_INPUT FOR THIS TASK_
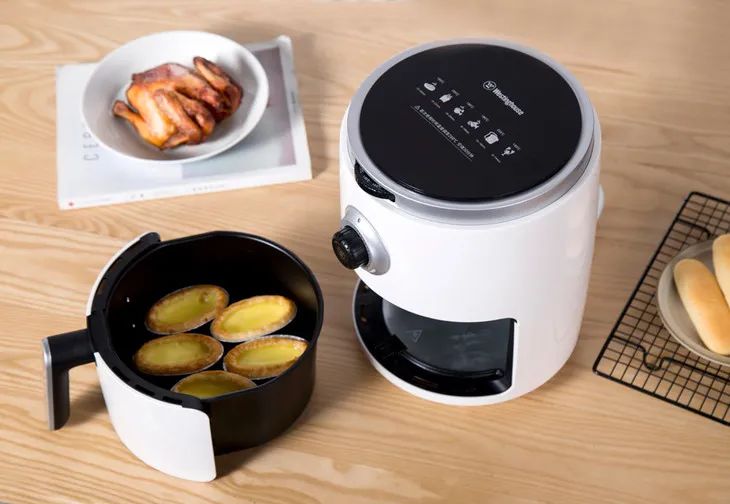 澎湃好物|嘴馋想吃烧烤炸鸡，这样做滴油不放，吃不胖，格外香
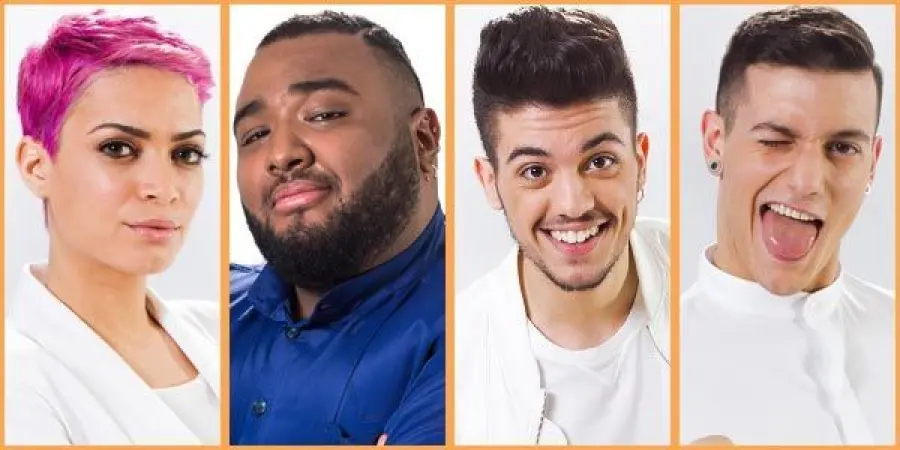 Amici 15, semifinale animata: Elodie, Sergio, Lele e Gabriele in finale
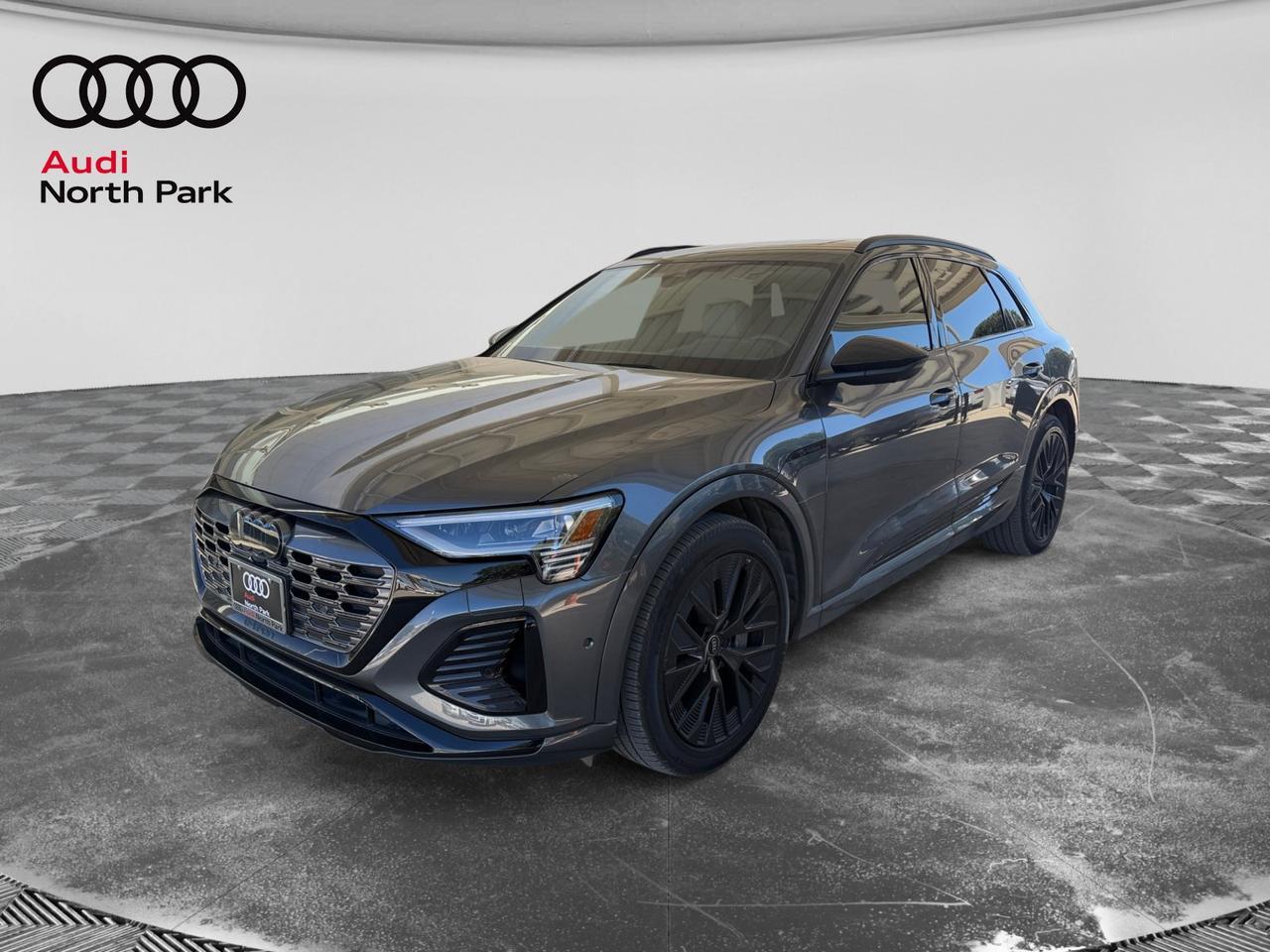 2024 Audi Q8 e-tron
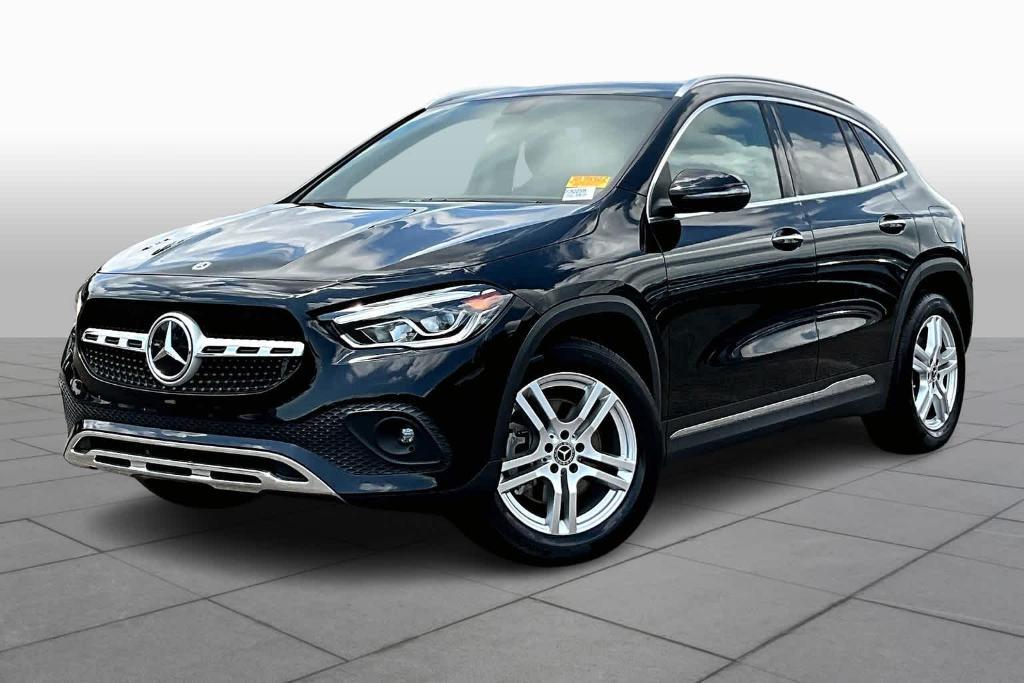 used 2023 Mercedes-Benz GLA 250 car, priced at $43,210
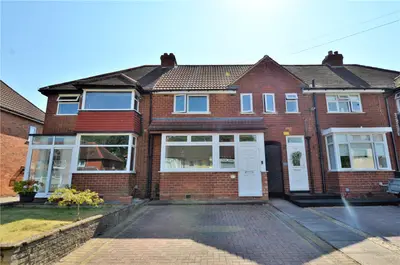 Kingswood Road, Northfield, Birmingham, West Midlands, B31 4RP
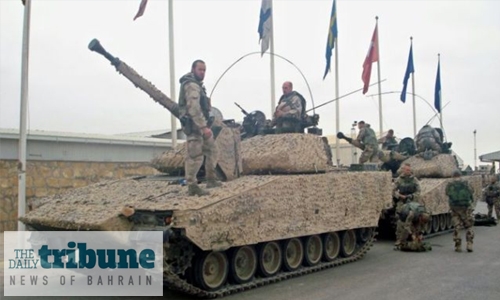 Swedish military duped by ‘officer’ with faked diploma Swedish military duped by ‘officer’ with faked diploma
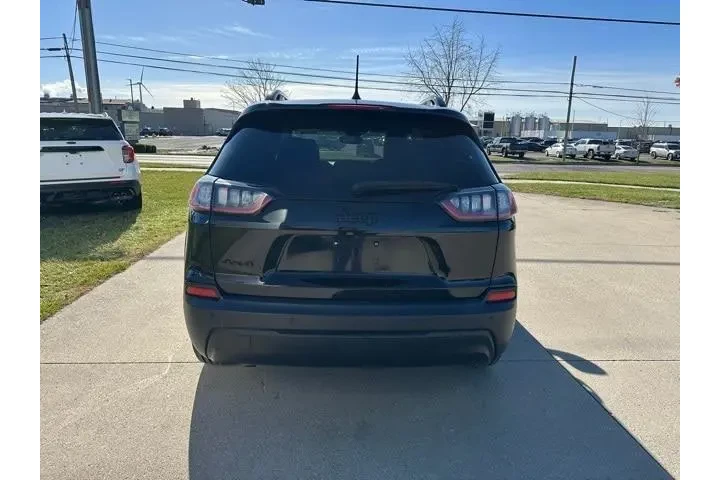 $22621 : Jeep Cherokee 2023 4x4 Altit image 6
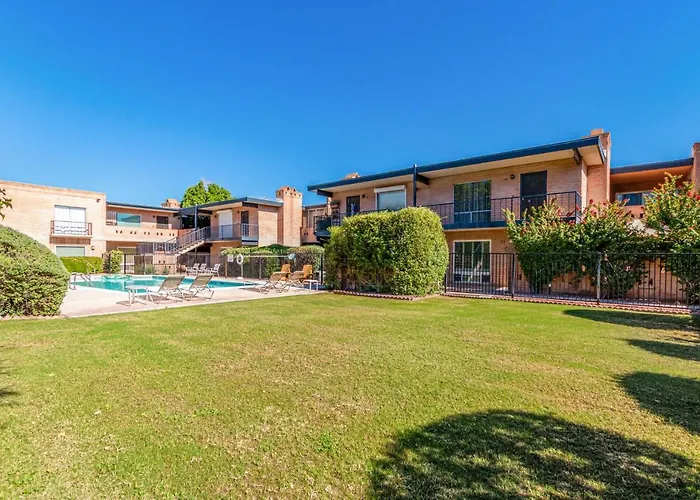 Furnished Patio! 'casa Feliz' Old Town * Scottsdale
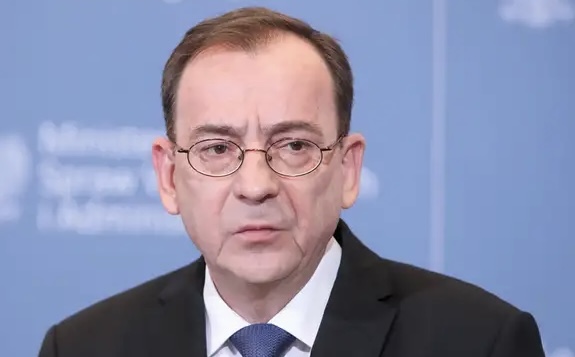 Polonia detiene a bielorruso acusado de espiar para Rusia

_TASK PROMPT_
Your response must consist of the material above, reproduced word for word, with the images omitted.

_TASK RESULT_
 澎湃好物|嘴馋想吃烧烤炸鸡，这样做滴油不放，吃不胖，格外香
 Amici 15, semifinale animata: Elodie, Sergio, Lele e Gabriele in finale
 2024 Audi Q8 e-tron
 used 2023 Mercedes-Benz GLA 250 car, priced at $43,210
 Kingswood Road, Northfield, Birmingham, West Midlands, B31 4RP
 Swedish military duped by ‘officer’ with faked diploma Swedish military duped by ‘officer’ with faked diploma
 $22621 : Jeep Cherokee 2023 4x4 Altit image 6
 Furnished Patio! 'casa Feliz' Old Town * Scottsdale
 Polonia detiene a bielorruso acusado de espiar para Rusia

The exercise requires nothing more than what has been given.